A quick note on Harry Schiller’s interesting and thought provoking article on the VIX at RM:
For a buy indicator, few things in life beat a spike in the VIX over 50. But as a shorter term sell indicator, I’ve gotten better results — and more consistently — using the VIX in tandem with one or two other signals.
Two examples: On October 16 2003, using the VIX signal alone, I sent a note to clients that the VIX was foretelling a short term correction. And while the Nasdaq did see a subsequent 100 point drop (1966 – 1842), it was hardly a tradable call. Indeed, 2 weeks later, the Nasdaq was back over 2000.
Using the VIX in conjunction with other signals raises the success rate. One of the best calls I’ve made was on January 22, 2004. In a note to clients, "Market Flashes Yellow Caution Light," I observed that in addition to the VIX:
"Several other sentiment measures have also caught our attention. We
noted the stunningly low 10.11% Bearish sentiment amongst AAII survey
takers previously. That is significant because of the investor tendency
to become bullish after buying equities – not before. So few Bears
around make us wonder who else is left to be “converted” into buyers.

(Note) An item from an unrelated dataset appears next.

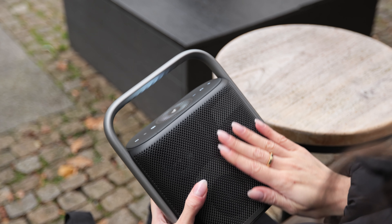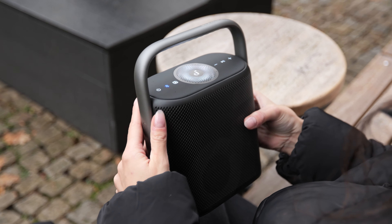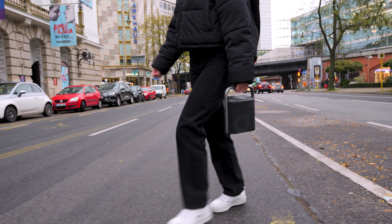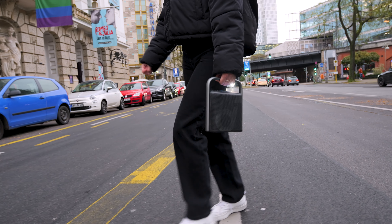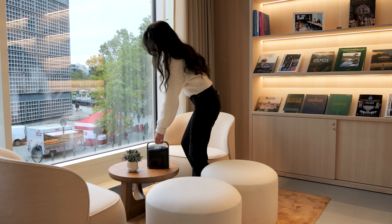Moving on to the physical features. The control buttons on top of the speaker are tactile and even light up — a welcome change from touch-sensitive controls. On the back, you'll find a USB-C charging port, but there's no auxiliary port, so if you need an auxiliary connection, you'd have to opt for the Motion X600. The Motion X500 boasts IPX7 water resistance, making it perfect for outdoor use. Its refined design allows it to blend seamlessly with any room decor, even when not in use.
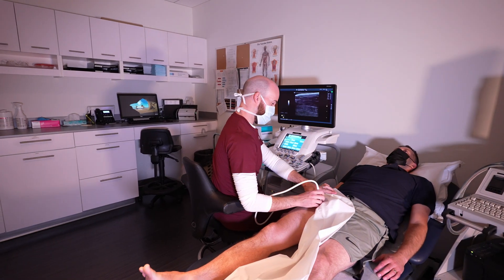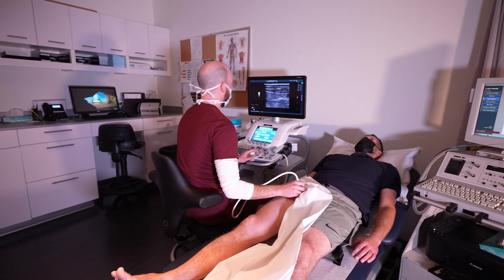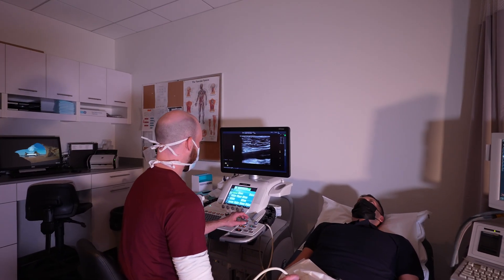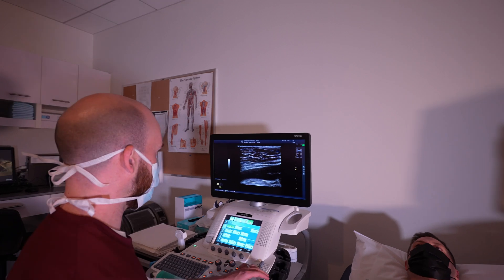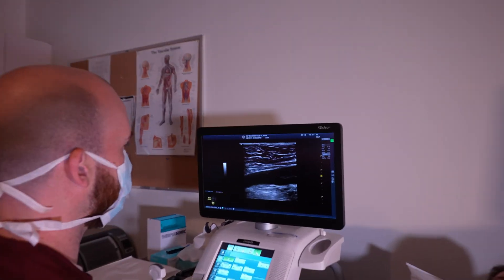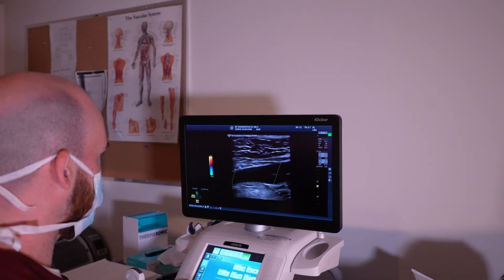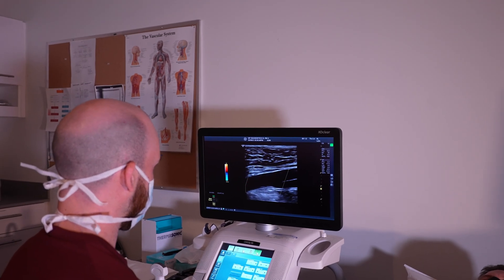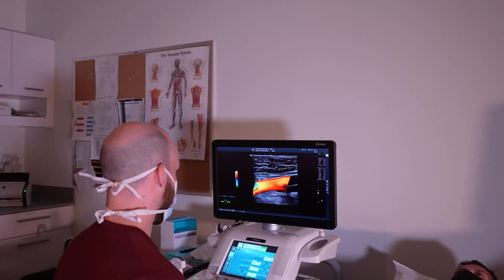For a leg arterial ultrasound scan, we start at the groin for each patient and then we follow the leg down to the ankle. We apply some jelly and take pictures at multiple levels to ensure we're imaging all of the blood vessels as needed and making the most appropriate diagnosis.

Yesterday, yet another signal caught our attention: The Put/Call ratio. As measured by the CBOE, the ratio dropped to 0.33 on January 21, 2004
. We have not seen a data point that low since 12/26/97, when the ratio registered a mere 0.30 following the Asian currency crises (precipitated in large part by LTCM).
The last period with a data series between 0.35 – 0.40 was during
February to July 2000. You may recall the subsequent period as somewhat
uncomfortable for those who were exclusively long.
While the VIX is worth watching, recall that early 1990s saw the VIX in single digits for several years . . .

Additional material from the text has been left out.